Using a DCG, it would look like this (using a predicate named ... for notational/visual convenience):

before(X, Y) --> ..., [X], ..., [Y], ... .
... --> [].
... --> [_], ... .

| ?- phrase(before(X, Y), [a,b,c]).

X = a
Y = b ? ;

X = a
Y = c ? ;

X = b
Y = c ? ;

(1 ms) no

And you can wrap it in a predicate, if you wish:

before(X, Y, L) :- phrase(before(X, Y), L).

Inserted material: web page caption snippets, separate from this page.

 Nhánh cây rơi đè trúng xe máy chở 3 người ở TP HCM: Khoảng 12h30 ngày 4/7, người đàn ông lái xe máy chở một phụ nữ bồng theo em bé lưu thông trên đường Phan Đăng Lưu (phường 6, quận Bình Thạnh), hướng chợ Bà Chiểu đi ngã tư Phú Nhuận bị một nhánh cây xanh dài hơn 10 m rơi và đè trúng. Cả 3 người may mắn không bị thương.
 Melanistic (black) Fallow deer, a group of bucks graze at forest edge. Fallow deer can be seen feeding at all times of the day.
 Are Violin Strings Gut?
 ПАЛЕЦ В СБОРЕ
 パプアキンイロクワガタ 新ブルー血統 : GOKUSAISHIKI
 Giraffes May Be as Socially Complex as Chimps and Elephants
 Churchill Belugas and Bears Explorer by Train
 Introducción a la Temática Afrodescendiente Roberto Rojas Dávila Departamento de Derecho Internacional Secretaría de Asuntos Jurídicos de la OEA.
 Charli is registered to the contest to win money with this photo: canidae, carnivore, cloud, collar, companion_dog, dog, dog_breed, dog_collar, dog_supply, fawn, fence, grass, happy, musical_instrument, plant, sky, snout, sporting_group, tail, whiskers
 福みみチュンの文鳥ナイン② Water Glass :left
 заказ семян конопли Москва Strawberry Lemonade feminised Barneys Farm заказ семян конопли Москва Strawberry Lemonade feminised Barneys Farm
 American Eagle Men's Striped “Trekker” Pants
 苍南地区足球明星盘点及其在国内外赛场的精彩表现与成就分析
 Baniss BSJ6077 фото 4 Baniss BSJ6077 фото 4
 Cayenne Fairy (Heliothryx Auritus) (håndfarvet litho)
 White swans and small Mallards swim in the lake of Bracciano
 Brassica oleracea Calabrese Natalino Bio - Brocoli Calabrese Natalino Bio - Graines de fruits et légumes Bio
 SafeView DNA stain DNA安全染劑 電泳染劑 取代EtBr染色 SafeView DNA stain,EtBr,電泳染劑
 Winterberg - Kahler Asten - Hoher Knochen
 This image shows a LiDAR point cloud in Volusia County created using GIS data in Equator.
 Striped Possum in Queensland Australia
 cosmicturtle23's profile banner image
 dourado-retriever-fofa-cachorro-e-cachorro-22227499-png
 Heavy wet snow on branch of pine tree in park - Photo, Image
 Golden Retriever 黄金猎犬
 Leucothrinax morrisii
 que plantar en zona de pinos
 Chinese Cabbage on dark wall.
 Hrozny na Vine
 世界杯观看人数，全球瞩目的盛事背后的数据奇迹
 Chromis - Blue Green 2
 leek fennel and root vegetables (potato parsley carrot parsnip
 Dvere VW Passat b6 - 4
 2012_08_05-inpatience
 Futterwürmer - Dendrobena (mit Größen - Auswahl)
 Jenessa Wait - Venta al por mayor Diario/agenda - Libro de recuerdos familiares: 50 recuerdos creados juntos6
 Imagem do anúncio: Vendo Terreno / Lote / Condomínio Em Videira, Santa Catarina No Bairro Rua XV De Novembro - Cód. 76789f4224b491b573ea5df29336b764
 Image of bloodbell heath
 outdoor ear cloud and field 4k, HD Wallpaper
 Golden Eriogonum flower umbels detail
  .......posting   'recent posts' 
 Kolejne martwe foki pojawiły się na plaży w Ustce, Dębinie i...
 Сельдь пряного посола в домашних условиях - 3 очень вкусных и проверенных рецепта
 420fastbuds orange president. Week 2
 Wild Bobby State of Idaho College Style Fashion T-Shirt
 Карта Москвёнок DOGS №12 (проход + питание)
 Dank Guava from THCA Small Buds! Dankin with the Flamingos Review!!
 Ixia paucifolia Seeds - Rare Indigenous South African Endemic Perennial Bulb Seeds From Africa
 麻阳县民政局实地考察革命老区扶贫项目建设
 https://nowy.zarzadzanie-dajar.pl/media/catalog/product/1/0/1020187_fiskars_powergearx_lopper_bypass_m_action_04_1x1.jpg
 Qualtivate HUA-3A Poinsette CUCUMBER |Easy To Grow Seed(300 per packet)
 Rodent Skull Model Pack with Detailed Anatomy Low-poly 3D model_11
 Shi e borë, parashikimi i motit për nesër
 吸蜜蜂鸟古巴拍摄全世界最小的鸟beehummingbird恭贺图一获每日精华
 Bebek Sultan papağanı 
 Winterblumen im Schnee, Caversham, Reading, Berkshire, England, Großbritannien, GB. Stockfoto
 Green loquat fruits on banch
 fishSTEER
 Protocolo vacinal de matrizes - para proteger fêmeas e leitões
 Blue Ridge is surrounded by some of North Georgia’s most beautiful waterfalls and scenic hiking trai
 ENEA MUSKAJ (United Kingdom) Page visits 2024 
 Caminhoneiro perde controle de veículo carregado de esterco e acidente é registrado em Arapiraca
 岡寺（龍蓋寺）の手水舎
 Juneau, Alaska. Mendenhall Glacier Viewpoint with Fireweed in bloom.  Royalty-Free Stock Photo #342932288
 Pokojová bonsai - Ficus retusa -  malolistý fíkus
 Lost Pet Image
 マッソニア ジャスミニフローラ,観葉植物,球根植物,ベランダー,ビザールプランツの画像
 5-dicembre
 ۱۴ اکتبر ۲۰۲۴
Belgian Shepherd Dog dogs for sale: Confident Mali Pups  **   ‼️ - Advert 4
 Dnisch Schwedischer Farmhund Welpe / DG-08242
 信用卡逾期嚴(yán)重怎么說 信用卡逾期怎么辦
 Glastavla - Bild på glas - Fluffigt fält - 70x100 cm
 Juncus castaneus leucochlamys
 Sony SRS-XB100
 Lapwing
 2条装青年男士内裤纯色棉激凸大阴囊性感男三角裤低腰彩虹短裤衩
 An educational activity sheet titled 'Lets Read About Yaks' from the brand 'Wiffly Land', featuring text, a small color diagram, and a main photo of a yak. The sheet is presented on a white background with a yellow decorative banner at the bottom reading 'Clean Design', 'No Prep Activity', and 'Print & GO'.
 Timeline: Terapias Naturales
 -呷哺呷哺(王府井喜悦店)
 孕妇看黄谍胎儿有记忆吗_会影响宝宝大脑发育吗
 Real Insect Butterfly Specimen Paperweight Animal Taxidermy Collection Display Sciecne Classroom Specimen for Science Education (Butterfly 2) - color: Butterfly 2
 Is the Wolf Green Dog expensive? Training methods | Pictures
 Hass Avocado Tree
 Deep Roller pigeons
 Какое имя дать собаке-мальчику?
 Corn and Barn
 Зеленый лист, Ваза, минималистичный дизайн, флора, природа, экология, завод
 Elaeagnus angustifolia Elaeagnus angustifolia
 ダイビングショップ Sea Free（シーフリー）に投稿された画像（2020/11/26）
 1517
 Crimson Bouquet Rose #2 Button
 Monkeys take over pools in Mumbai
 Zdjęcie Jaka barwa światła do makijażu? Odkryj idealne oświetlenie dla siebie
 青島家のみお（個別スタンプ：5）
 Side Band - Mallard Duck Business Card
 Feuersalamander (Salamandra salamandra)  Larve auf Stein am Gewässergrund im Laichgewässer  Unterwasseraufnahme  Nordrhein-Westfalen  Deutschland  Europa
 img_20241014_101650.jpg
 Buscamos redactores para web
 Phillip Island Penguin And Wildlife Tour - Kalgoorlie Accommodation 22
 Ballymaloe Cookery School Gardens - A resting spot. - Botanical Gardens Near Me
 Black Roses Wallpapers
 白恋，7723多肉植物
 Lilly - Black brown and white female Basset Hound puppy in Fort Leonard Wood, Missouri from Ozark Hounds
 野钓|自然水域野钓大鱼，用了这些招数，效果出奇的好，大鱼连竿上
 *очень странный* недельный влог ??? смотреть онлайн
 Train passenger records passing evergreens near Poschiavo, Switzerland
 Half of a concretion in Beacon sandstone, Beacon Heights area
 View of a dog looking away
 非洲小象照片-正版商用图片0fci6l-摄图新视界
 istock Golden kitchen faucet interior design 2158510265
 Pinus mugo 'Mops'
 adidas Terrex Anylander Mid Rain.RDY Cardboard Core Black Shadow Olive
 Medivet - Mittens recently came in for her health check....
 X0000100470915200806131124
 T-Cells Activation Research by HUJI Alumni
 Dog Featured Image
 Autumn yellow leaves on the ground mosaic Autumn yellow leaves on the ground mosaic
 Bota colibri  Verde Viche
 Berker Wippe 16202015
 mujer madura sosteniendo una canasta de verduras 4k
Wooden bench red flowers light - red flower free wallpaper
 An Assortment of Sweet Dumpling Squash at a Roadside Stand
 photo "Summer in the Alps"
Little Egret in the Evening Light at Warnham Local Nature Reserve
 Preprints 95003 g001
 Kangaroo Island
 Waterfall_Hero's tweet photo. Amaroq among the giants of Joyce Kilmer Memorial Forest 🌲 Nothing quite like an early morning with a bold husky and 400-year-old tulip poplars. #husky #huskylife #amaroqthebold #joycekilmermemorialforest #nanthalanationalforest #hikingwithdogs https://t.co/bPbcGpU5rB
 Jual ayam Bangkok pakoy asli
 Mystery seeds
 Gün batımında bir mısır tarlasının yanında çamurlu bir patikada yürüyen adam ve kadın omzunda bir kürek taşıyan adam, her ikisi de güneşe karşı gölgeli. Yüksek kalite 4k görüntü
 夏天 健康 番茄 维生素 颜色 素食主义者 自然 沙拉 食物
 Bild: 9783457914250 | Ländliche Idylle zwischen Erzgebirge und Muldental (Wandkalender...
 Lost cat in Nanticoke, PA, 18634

at least one caseXYX is seen before Y in the list
before(X, Y) --> anything_but(Y), [X], ..., [Y], ... .

anything_but(_) --> [].
anything_but(Y) --> [X], { dif(X, Y) }, anything_but(Y).

... --> [].
... --> [_], ... .

Which results in:

| ?-  phrase(before(X,Y), [b,a,b]).

X = b
Y = b ? a

X = a
Y = b

no
0
votes

In Prolog, list processing is in most cases done without using indices: you use recursion, and you try to formulate it as a logical expression. If you don't want to use built-ins, you can write:

before(X,Y,[X|T]) :-
    !,
    contains(Y,T).
before(X,Y,[_|T]) :-
    before(X,Y,T).

contains(Y,[Y|_]) :-
    !.
contains(Y,[_|T]) :-
    contains(Y,T).

The code makes use of a defined contains/2 predicate that checks whether the list L contains Y. Now the before/2 predicate contains two clauses. The first clause specifies that the first element of the list is X, in that case, we only need to check whether the remainder of the list contains an Y. In case the first element of the list is not an X, the list is shifted one further, and by using recursion, we try to find a location where there is an X.

Note that this predicate requires that both X and Y are elements of the list. Furthermore there can be multiple X and Ys. So before(a,b,[b,a,a,b]) will succeed, simple because there is an a and a b such that the a is before the b.

EDIT

If you want to use the predicate in a reversed way (query fashion), you should omit the cuts:

before(X,Y,[X|T]) :-
    contains(Y,T).
before(X,Y,[_|T]) :-
    before(X,Y,T).

contains(Y,[Y|_]).
contains(Y,[_|T]) :-
    contains(Y,T).

Then you can query like:

?- before(X,Y,[a,b,c]).
X = a,
Y = b ;
X = a,
Y = c ;
X = b,
Y = c ;
false.
0
votes

Here's a simple solution that uses no built-in predicates whatsoever.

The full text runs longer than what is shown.